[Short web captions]

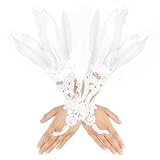 Yolev Feder Fingerlose Handschuhe Damen Lange Spitzenhandschuhe Weiß Abschlussball Party Handschuhe Karneval Feder Hexe Weibliche Schwan Kostüm Federhandschuh für Halloween Maskenpartys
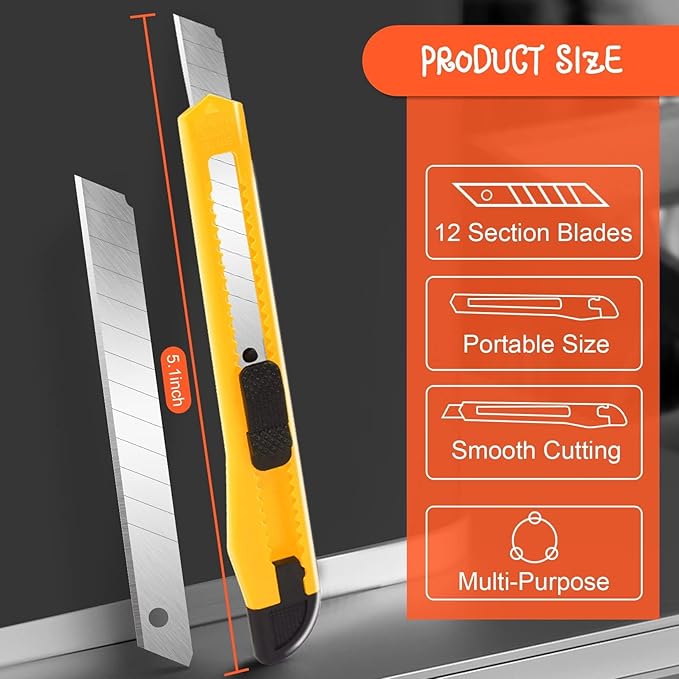 TIFICAL Box Cutter Retractable - 4 Pack - Premium Utility Knife - 9mm Wide Snap-Off Blades Razor Knife - Box Opener for Cutting Carboard, Boxes - Exacto Knife Box Knife for Home, Office, Craft Use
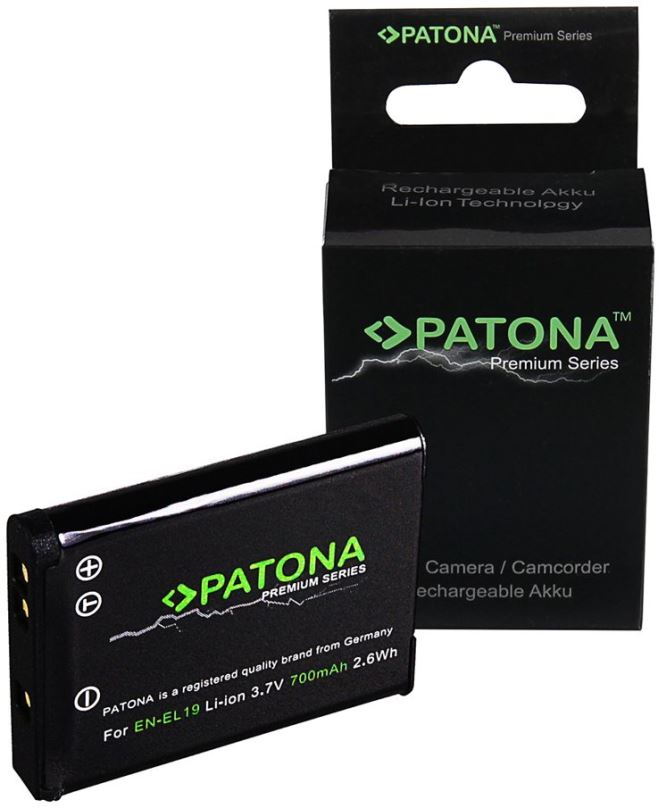 Baterie pro fotoaparát PATONA pro Nikon EN-EL19/EN-EL19A 700mAh Li-Ion Premium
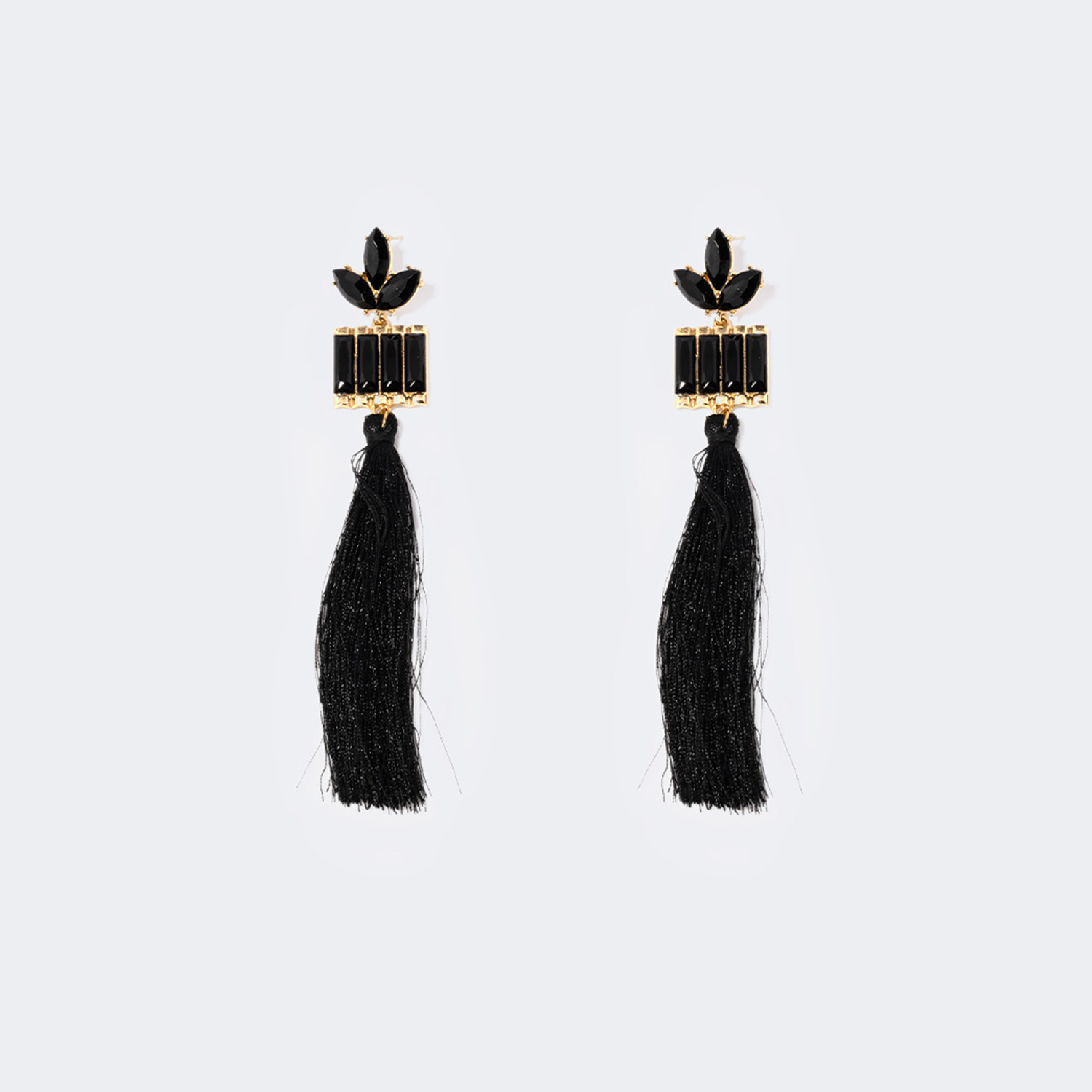 Stylish Long Tassels Black Earrings1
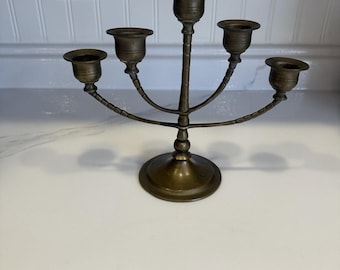 Vintage Brass Candelabra 5 Arm Heavy Taper Candle Holder Natural Patina 8.75x10”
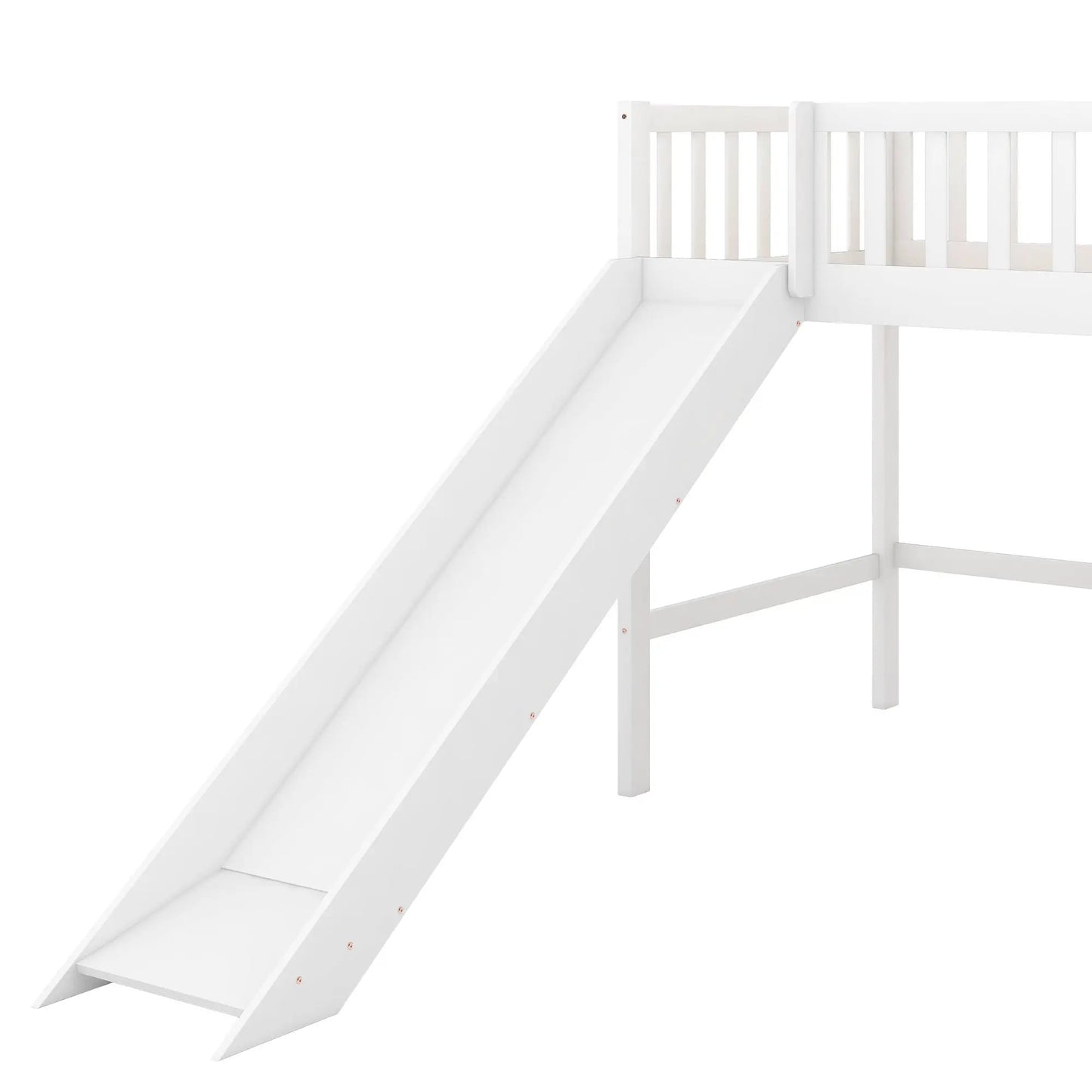 Twin low loft bed with built-in ladder and slide, white wood frame on Tampa Home & Garden Store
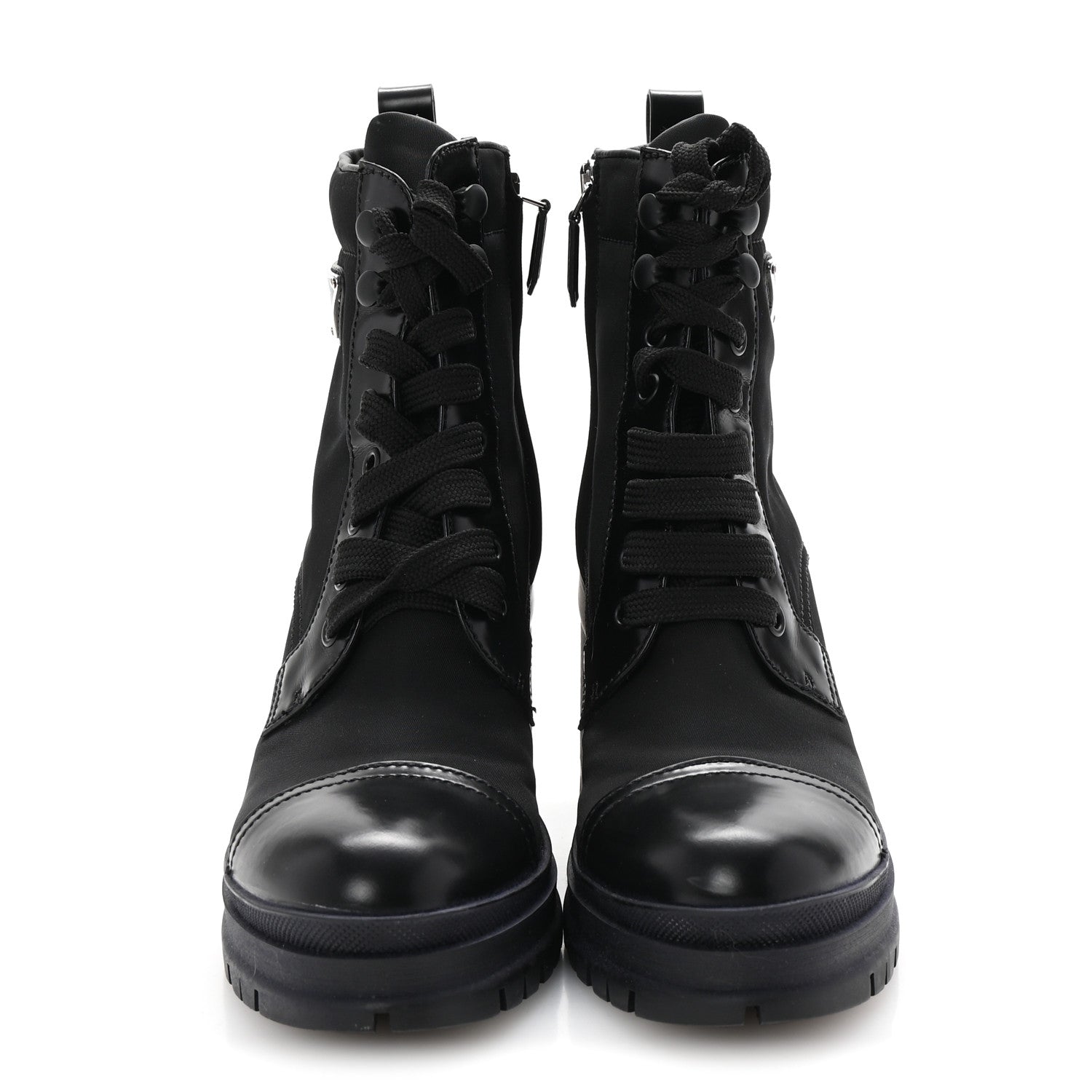 Prada Spazzolato Re-Nylon Metal Triangle Logo Lace Up 55mm Ankle Boots 35.5 Black 3 of 10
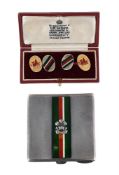 WELCH REGIMENT, A PAIR OF GARRARD & CO. 9 CARAT GOLD CUFFLINKS AND A SILVER COMPACT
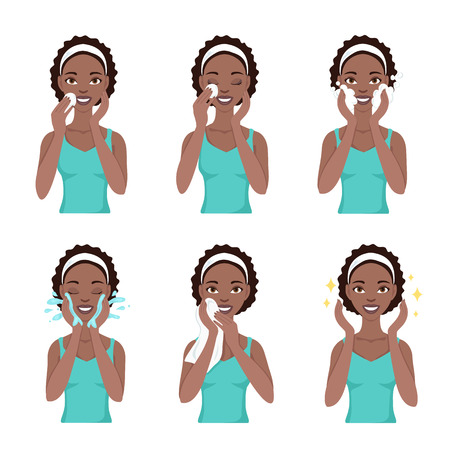 Attractive pretty young black woman dressed in casual t-shirt remove make-up, clean, wash and care her face with sponge. Facial treatment procedures, african american, healthy lifestyle.のイラスト素材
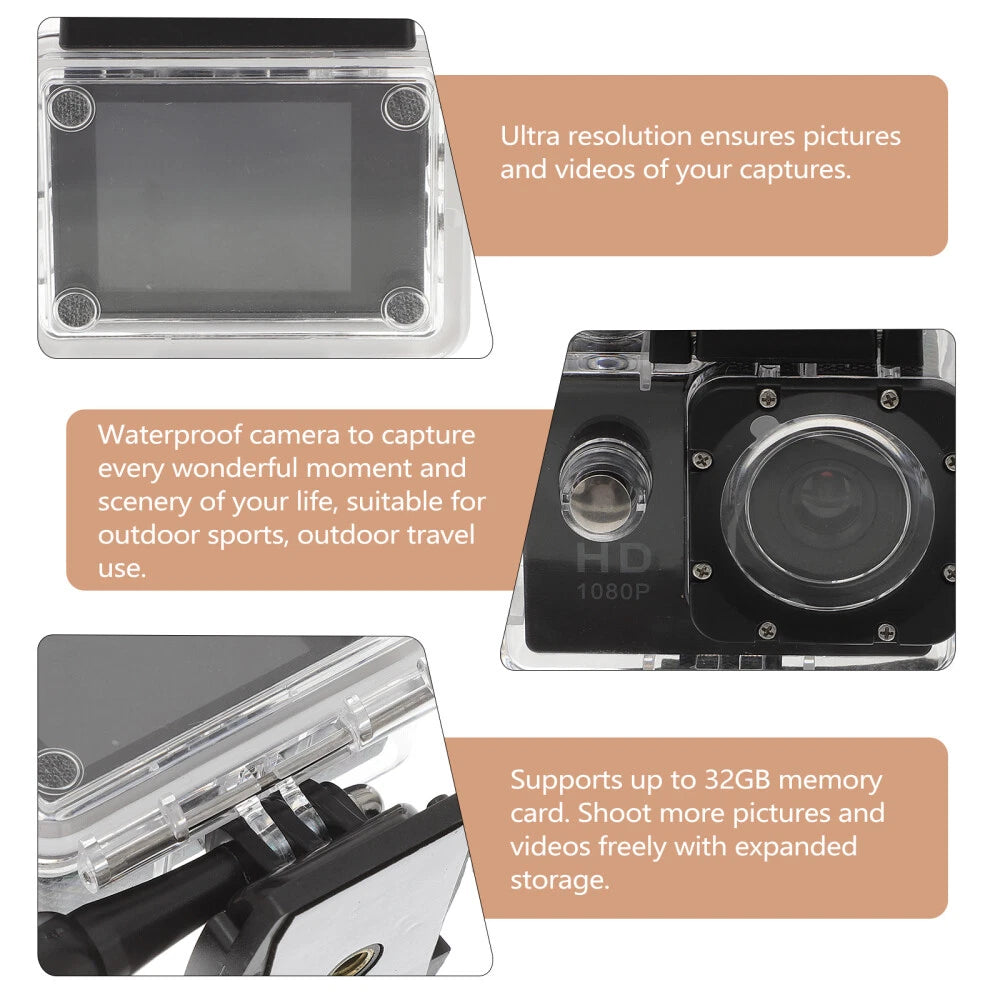 Action Camera with Waterproof Body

#### WORK TASK:
A faithful copy of every record is required, with no pictures included.

#### TASK RESPONSE:
 Yolev Feder Fingerlose Handschuhe Damen Lange Spitzenhandschuhe Weiß Abschlussball Party Handschuhe Karneval Feder Hexe Weibliche Schwan Kostüm Federhandschuh für Halloween Maskenpartys
 TIFICAL Box Cutter Retractable - 4 Pack - Premium Utility Knife - 9mm Wide Snap-Off Blades Razor Knife - Box Opener for Cutting Carboard, Boxes - Exacto Knife Box Knife for Home, Office, Craft Use
 Baterie pro fotoaparát PATONA pro Nikon EN-EL19/EN-EL19A 700mAh Li-Ion Premium
 Stylish Long Tassels Black Earrings1
 Vintage Brass Candelabra 5 Arm Heavy Taper Candle Holder Natural Patina 8.75x10”
 Twin low loft bed with built-in ladder and slide, white wood frame on Tampa Home & Garden Store
 Prada Spazzolato Re-Nylon Metal Triangle Logo Lace Up 55mm Ankle Boots 35.5 Black 3 of 10
 WELCH REGIMENT, A PAIR OF GARRARD & CO. 9 CARAT GOLD CUFFLINKS AND A SILVER COMPACT
 Attractive pretty young black woman dressed in casual t-shirt remove make-up, clean, wash and care her face with sponge. Facial treatment procedures, african american, healthy lifestyle.のイラスト素材
 Action Camera with Waterproof Body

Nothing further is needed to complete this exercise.